[Source material]
————

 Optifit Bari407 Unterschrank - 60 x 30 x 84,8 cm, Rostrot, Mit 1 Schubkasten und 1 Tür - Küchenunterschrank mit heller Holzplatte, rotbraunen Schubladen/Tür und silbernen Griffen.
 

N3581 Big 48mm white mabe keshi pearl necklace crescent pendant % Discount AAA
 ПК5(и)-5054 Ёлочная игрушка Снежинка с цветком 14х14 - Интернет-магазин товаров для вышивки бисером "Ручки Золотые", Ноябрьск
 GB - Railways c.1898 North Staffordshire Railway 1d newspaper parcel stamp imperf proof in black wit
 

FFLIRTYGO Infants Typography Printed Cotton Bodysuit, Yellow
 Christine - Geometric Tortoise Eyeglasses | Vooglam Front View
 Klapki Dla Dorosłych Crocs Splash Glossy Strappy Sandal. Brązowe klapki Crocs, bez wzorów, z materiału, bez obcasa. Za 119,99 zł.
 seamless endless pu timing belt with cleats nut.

————

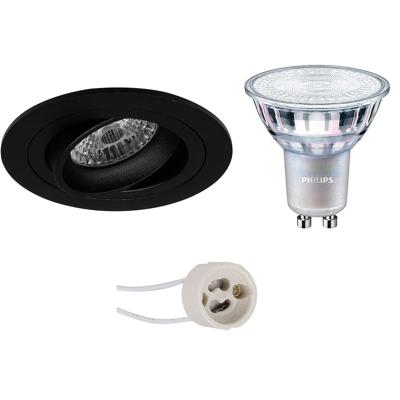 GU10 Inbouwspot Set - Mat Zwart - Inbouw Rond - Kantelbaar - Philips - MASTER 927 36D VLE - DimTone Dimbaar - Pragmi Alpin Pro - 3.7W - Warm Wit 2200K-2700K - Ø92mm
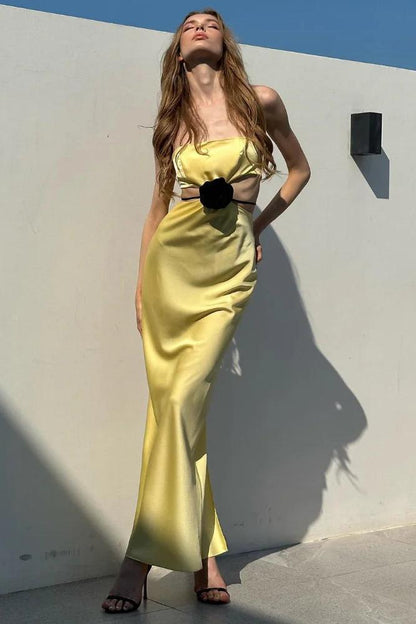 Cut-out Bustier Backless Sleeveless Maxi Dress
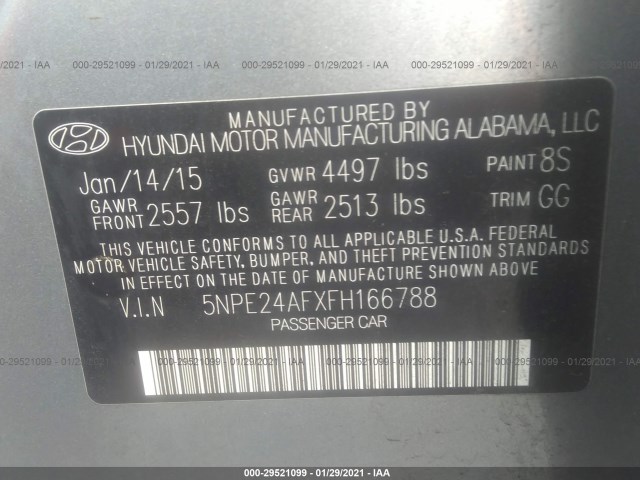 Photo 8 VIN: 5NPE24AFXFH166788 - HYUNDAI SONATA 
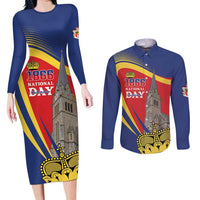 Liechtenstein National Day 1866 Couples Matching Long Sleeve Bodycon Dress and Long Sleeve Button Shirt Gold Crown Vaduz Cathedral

————

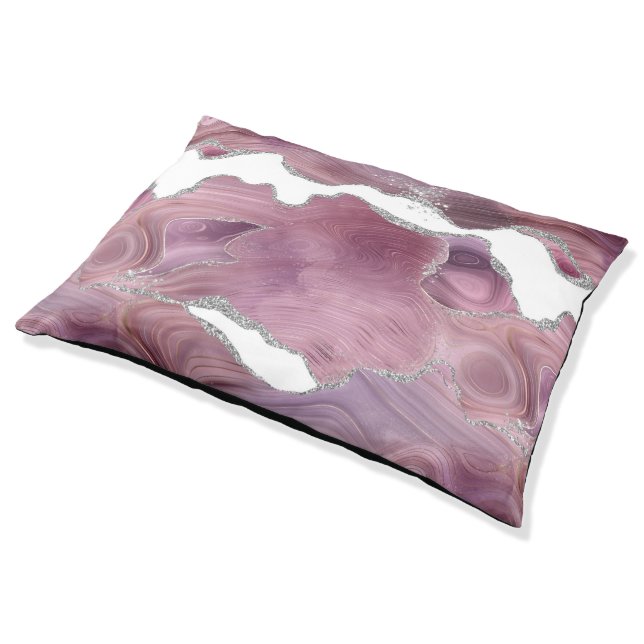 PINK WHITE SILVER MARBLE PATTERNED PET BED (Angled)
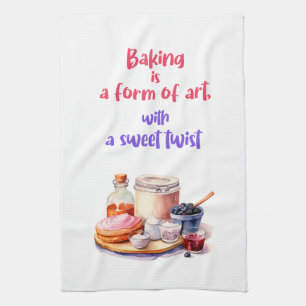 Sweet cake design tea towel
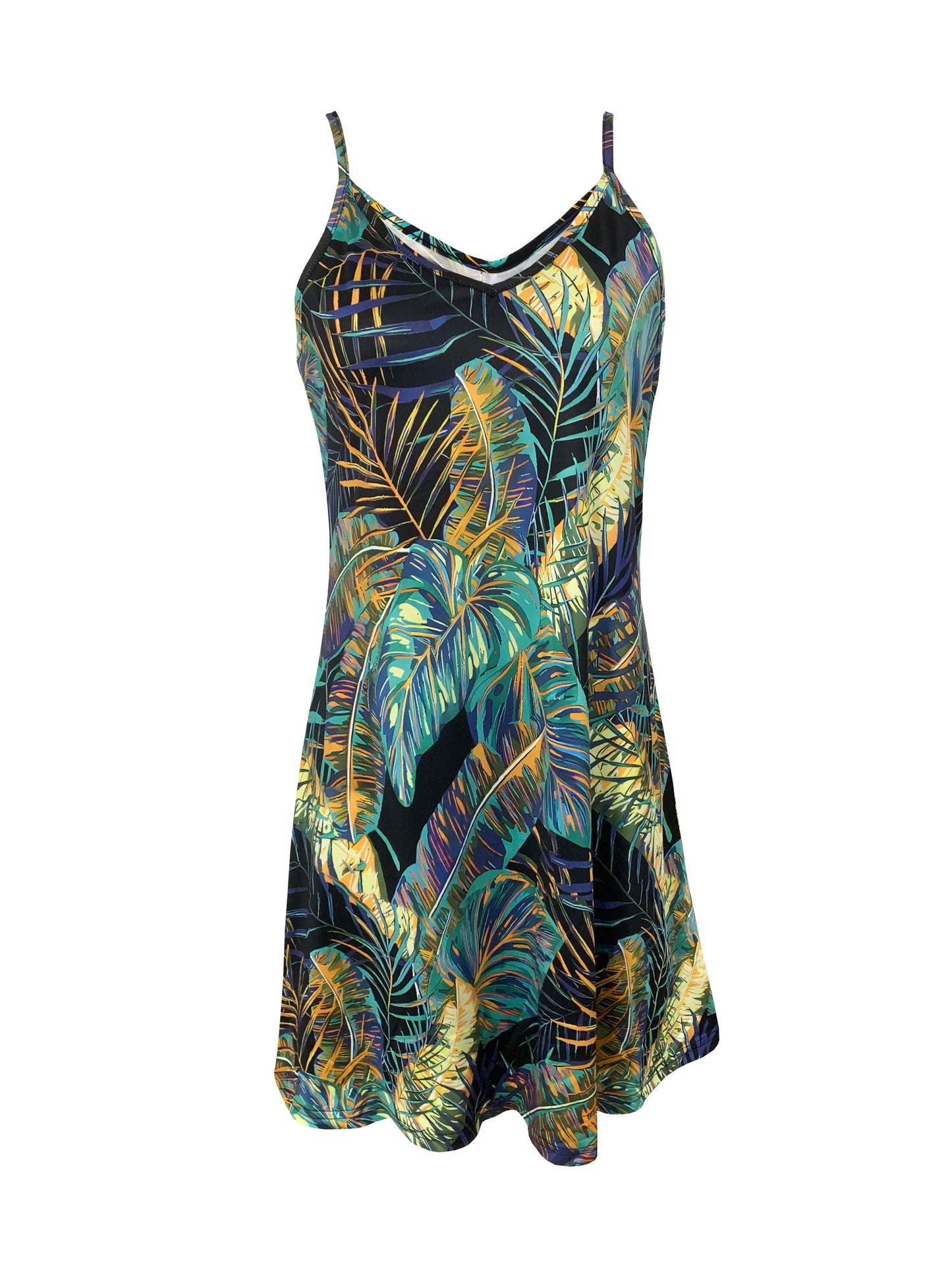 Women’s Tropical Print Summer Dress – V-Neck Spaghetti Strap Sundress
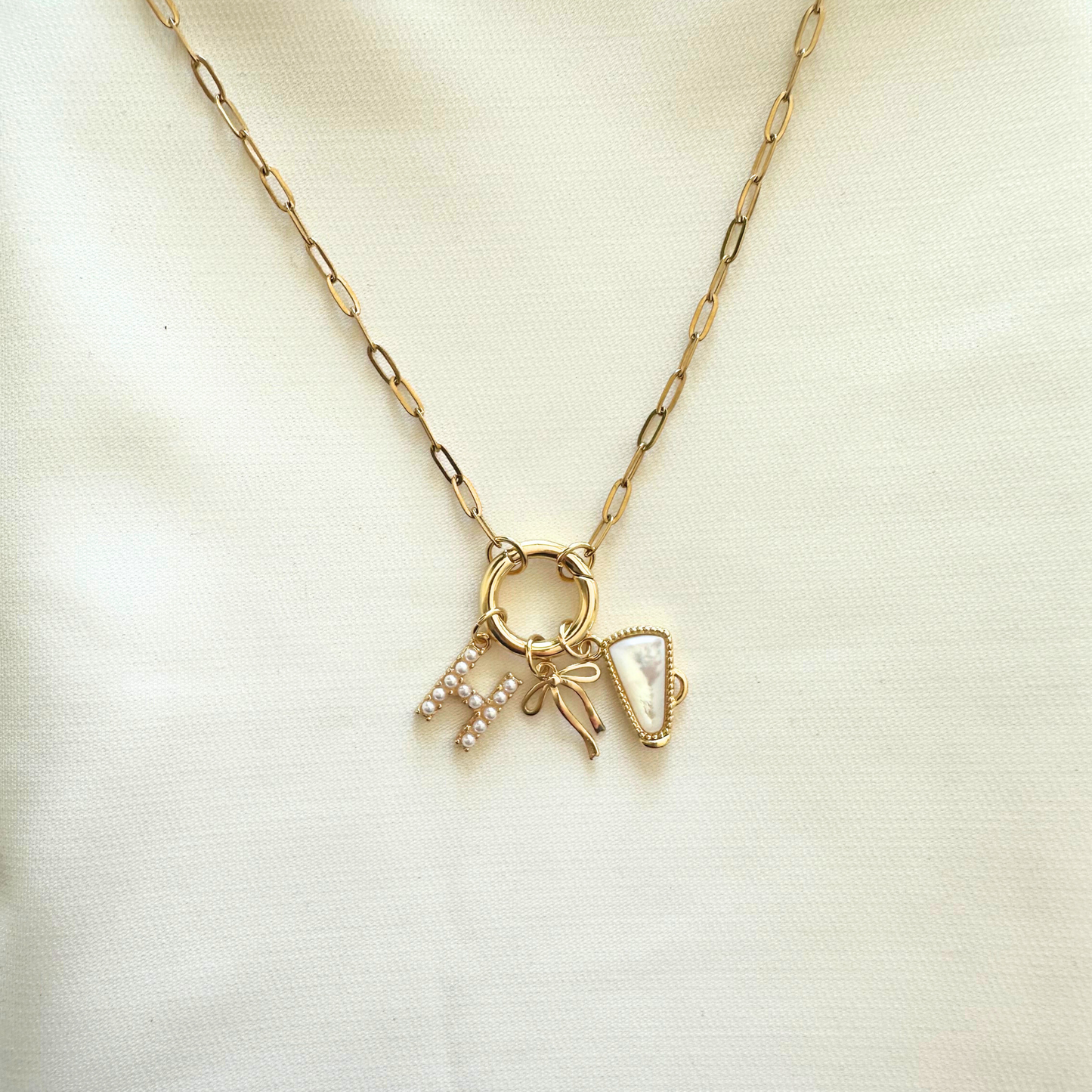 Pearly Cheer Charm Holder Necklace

————

[Task to complete]
Looking at the data above, write out exactly the lines that start at the one containing "Christine - Geometric" and end at the one containing "seamless endless pu"; include both and nothing beyond.

[Exercise result]
 Christine - Geometric Tortoise Eyeglasses | Vooglam Front View
 Klapki Dla Dorosłych Crocs Splash Glossy Strappy Sandal. Brązowe klapki Crocs, bez wzorów, z materiału, bez obcasa. Za 119,99 zł.
 seamless endless pu timing belt with cleats nut.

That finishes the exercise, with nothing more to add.